**What this task involves**. Go to the line that contains "Strawberry Shortcake Tri-Fold", then write out that line and all that follow to the end of the listing, exactly and without pictures.

··· Exercise data ···

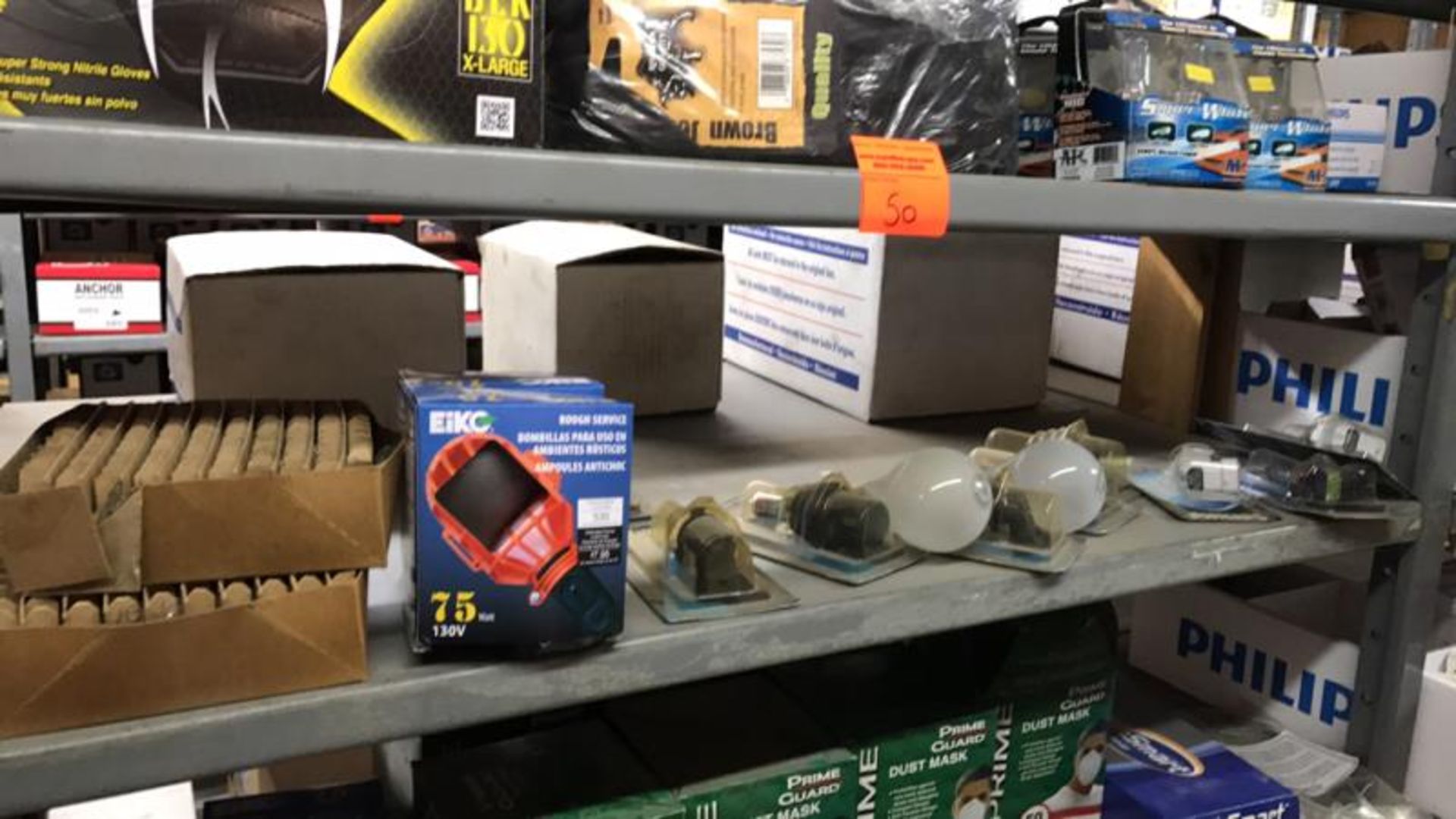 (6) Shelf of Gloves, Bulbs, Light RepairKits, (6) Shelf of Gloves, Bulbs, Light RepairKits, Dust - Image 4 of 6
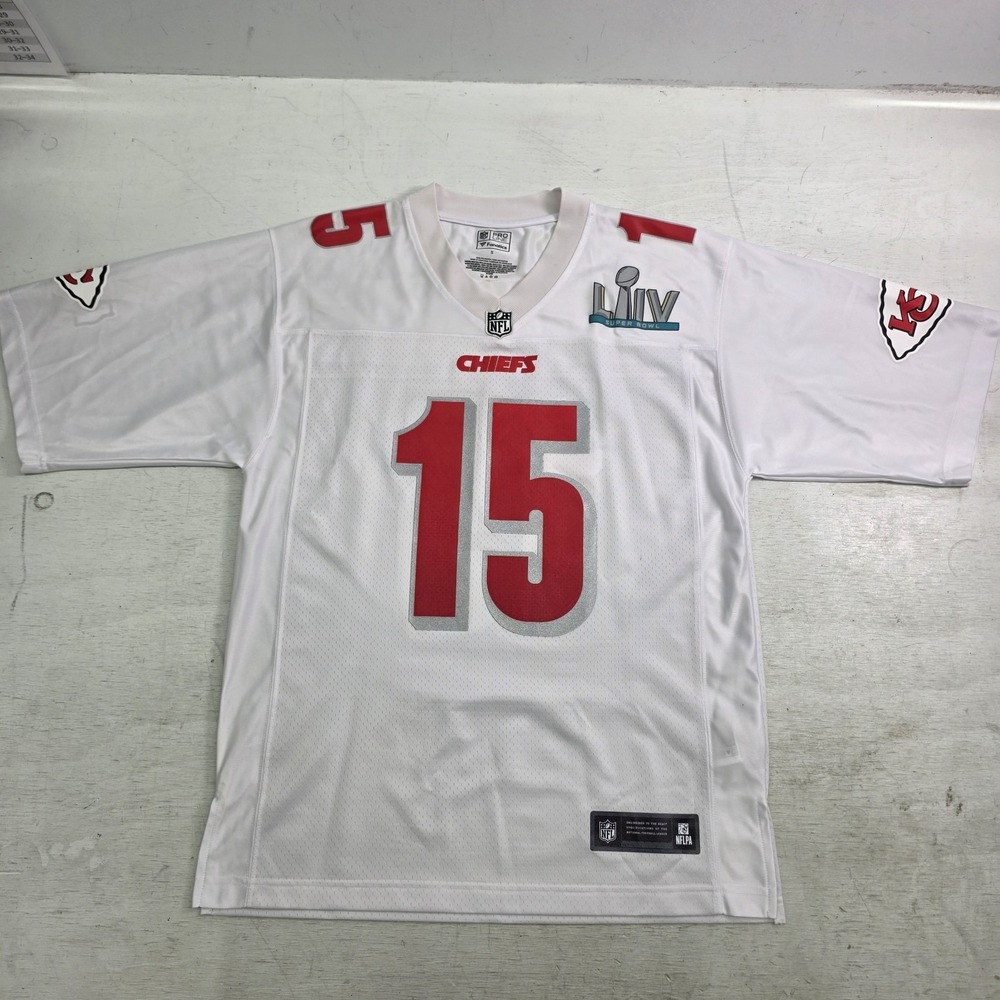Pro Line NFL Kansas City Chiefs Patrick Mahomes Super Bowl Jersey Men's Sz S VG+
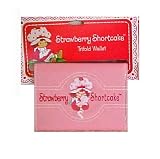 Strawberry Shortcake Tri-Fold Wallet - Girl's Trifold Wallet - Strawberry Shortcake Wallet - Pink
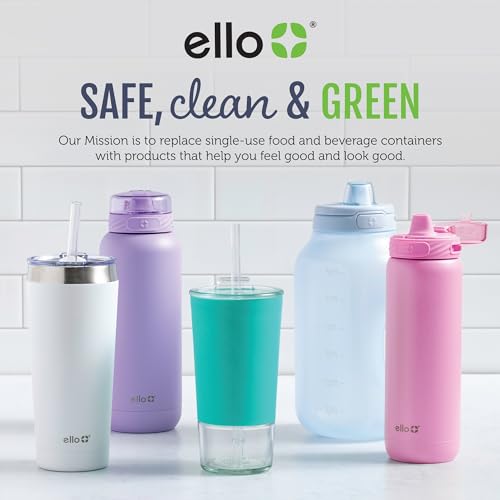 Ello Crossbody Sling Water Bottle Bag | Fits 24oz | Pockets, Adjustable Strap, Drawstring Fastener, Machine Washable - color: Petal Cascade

···

**Written response**.
 Strawberry Shortcake Tri-Fold Wallet - Girl's Trifold Wallet - Strawberry Shortcake Wallet - Pink
 Ello Crossbody Sling Water Bottle Bag | Fits 24oz | Pockets, Adjustable Strap, Drawstring Fastener, Machine Washable - color: Petal Cascade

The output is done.